Partes dos negócios de negociação dos bancos —por exemplo, fornecer câmbio e serviços de liquidez a grandes clientes corporativos— permanecem arraigadas.

Bancos de investimento como Goldman, Morgan Stanley e JPMorgan ainda são as empresas preferidas para negociações mais complexas ou exóticas que fundos de hedge possam precisar, mas que ainda não são feitas eletronicamente.

Mas mesmo em câmbio, onde os bancos têm podido contar com clientes corporativos que são menos exigentes com o preço, há ameaças à espreita de concorrentes não bancários como XTX.

Executivos de bancos de Wall Street argumentam que sua melhor defesa é continuar oferecendo produtos que empresas de negociação não oferecem, como estender financiamento a fundos de hedge por meio de corretagem principal. Os bancos também controlam o calendário para novas emissões de títulos por meio de ofertas de ações e acordos de dívida.

Os novos mestres da negociação são vistos por alguns como melhores guardiões do mercado do que os bancos que vieram antes deles. Como empresas privadas, quaisquer perdas são profundamente sentidas pelos fundadores e funcionários, levando a uma cultura de cautela.

“Definitivamente há uma tendência em que mais oportunidades de negociação estão abertas para instituições financeiras não bancárias do que tem sido o caso no passado, devido à nossa capacidade de gerenciar efetivamente o risco”, disse Michiel Knoers, diretor de negociação da IMC, formadora de mercado holandesa.

Mas à medida que as empresas de negociação crescem, cresce também sua importância para o restante do sistema financeiro.

O “flash crash” de 2010, onde dezenas de bilhões foram momentaneamente eliminados das ações dos EUA, alertou os reguladores para os riscos da negociação eletrônica de alta frequência.

Dois anos depois, a Knight Capital Group comprou inadvertidamente bilhões de dólares em ações e sofreu uma perda de quase US$ 500 milhões em uma episódio posteriormente apelidado de “Knightmare”.
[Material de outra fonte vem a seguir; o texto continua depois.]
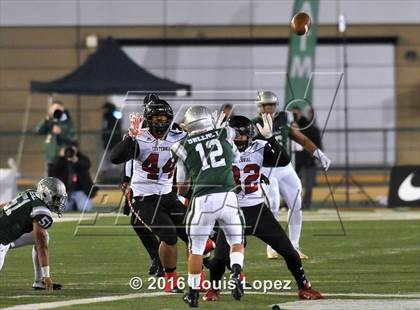 Thumbnail 2 in Centennial vs. De La Salle (CIF State Open Division Final) photogallery.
Em outubro de 2014, um violento “flash rally” nos Tesouros dos EUA destacou como esses tipos de eventos estavam se espalhando a partir do mercado de ações.

Enquanto os apelos por uma maior escrutínio das empresas de negociação se tornaram mais altos, os críticos dizem que relativamente pouco foi feito para lidar com o problema.
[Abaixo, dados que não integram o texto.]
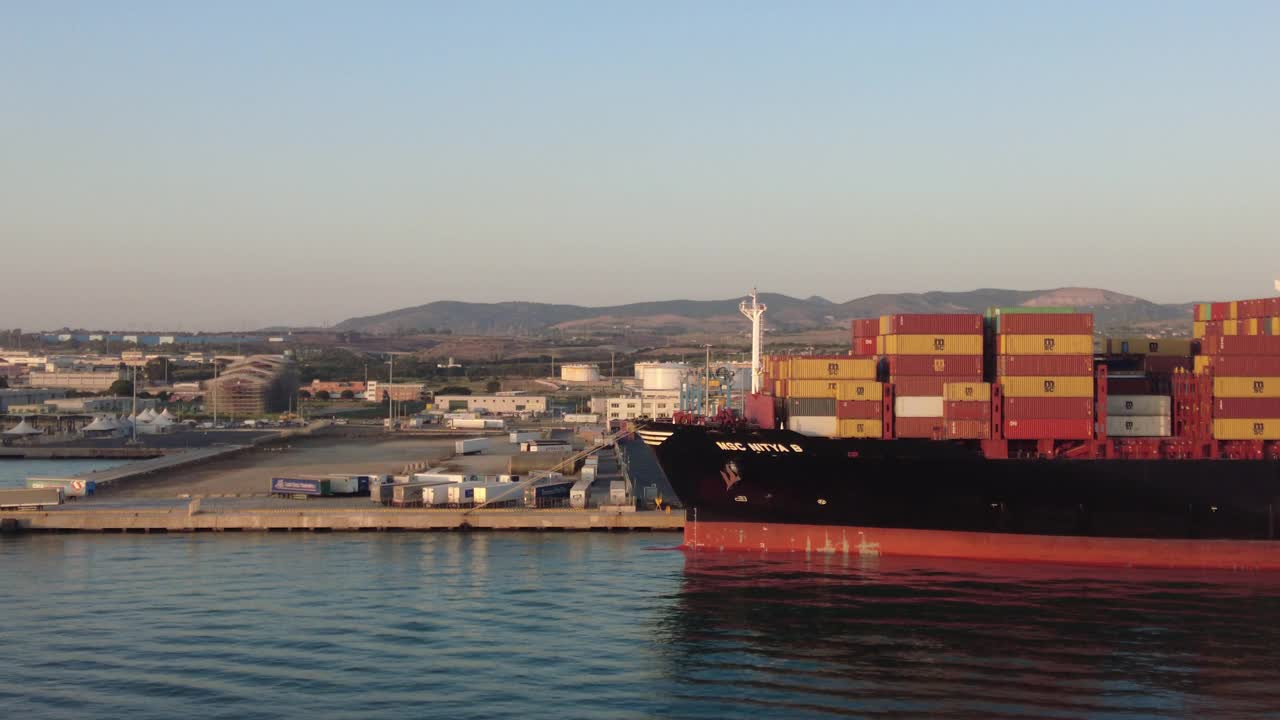 港口里的集装箱船视频下载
“Os reguladores precisam olhar para os 15 principais players em volume de negociação e devem ser agnósticos se é um banco, um fundo de hedge ou um grupo de negociação proprietário, porque há um risco inerente quando alguém tem uma participação de mercado muito grande”, disse o chefe de uma empresa de negociação proprietária.
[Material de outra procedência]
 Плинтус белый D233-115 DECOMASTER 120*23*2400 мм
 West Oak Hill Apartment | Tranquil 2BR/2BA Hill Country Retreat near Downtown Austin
“Se eles falirem, poderiam retirar a liquidez e causar estresse no mercado.”

De acordo com Cohn, as empresas cresceram tanto que haverá apenas uma cohorte grande o suficiente para resgatá-las em uma crise.

“Se uma dessas grandes empresas de mercado não bancárias tiver um grande problema financeiro, a única entidade que poderia salvá-las seria um dos grandes bancos”, disse ele. “Elas são muito grandes.”

Os traders não bancários dizem que, como não aceitam depósitos, não receberiam um resgate do governo e argumentam que a maioria dos maiores incidentes de mercado nos últimos anos não teve nada a ver com eles.

“As empresas de trading principal operaram em tantas condições de mercado diferentes sem incidentes”, disse Creamer, da Geneva Trading, que também preside o Grupo de Traders Principais da FIA, que representa o setor.

“A crise financeira foi causada por bancos altamente regulamentados, não por empresas de trading principal.”

Para bancos, corretores e outros players de Wall Street, não há dúvida de que os novos gigantes do trading vieram para ficar.

“Já cruzamos o Rubicon”, disse um ex-trader de um banco global. “A única questão é até onde iremos.”